As a pre-condition for the construction
of guided tours based on user tracking we identified the requirement that navigation consists of a small number
of discrete steps.
This excludes, at first sight, the construction of arbitrary guided tours in virtual space, since it is
not immediately obvious how navigation in virtual space may be properly discretized.
As an additional requirement, it must be possible to normalize interaction sequences,
to eliminate the influence of
short-cuts, and to allow for comparison between a collection of recordings.
The application of the techniques developed for constructing guided tours requires that choices are discrete and only
apply to capture navigation in virtual environments when we find
find proper ways to encode such navigation as a small finite collection of discrete steps.
Also in the discrete case, however, we must be able to normalize navigation
paths, in order to compare and weigh the navigation sequences of multiple users.
For the actual playback, as a guided tour or replay,
a decision mechanism may be needed that finds the proper advice or weight
at each decision point
to select the optimal step, according to some decision rule
that takes the weighting scheme as for example expressed in a norm-scenario into account.
In [Eliens et al. (2007c)], we have indicated how tracking user behavior may be realized in Second Life
using an elementary web-server
containing the following resources:
- automated (viewpoint) navigation in virtual space,
- an animation explaining, for example, the construction of an artwork, or
- the (narrative) presentation of a sequence of concept nodes.
- /seen?user=SomeAvatar -- records the presence of SomeAvatar
- /touched?user=SomeAvatar -- invokes object API for user SomeAvatar
- /set_tag?user=SomeAvatar&tag=FavoriteTag -- records SomeAvatar's favourite tag
in response to a 'touch' event, invoking touch results in consulting the database for the user's tag
and possibly sending a request to the object API performing some action on behalf of the user or
recording a user's favorite tag.

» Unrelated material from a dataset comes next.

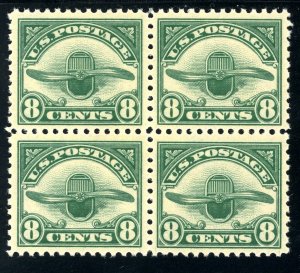 USAstamps Unused XF US 1923 Airmail Block Scott C4 OG MNH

These invocations could easily be extended with time tags to enforce linear ordering.
TOWARDS A BEHAVIORAL MODEL FOR GAMEPLAY
Storing events resulting from user actions, possibly together with events influencing the game state autonomously,
generated by the game system, gives us an immediate, albeit low level, way to record game play,
allowing for machinima-like replay.
However, in order to be able to provide meaningful feedback on the choices made by the user during play, we need
a more high level representation of the users' behavior and choices made when the user is confronted
with particular challenges.
For inspiration, we first looked at what game interaction patterns might have to offer, [Björk & Holopainen (2005)],
but apart from the Score pattern, little support was found for symbolically representing user actions, due
to the rather abstract nature of patterns.
To simplify matters, we decided to reduce the representation problem to modelling the behavior of users
at choice points in interactive video, as supported by the XIMPEL platform,
and how particular choices reflect the attitudes or preferences of users with regard to particular topics.
Although limiting ourselves to interactive video may seem to be too restrictive,
as we argue in [Eliens et al. (2008)] interactive video may provide an excellent basis for game play,
and as for example demonstrated in our Dante-inspired Journey to Hell application,
allows for assessing what we may call in this case a moral profile of the user,
simply by recording the choices made by the user on questions of a moral nature.
In the hope of being able to extend the model to more rich forms of game play, this approach allows us
to take a model originally meant to capture ratings and recommendations, as explored in [Eliens & Wang (2007)], and
extend this to represent attitudes and preferences with regard to topics of interest.
See also [Van Setten (2005)] for information on recommendation and user modeling.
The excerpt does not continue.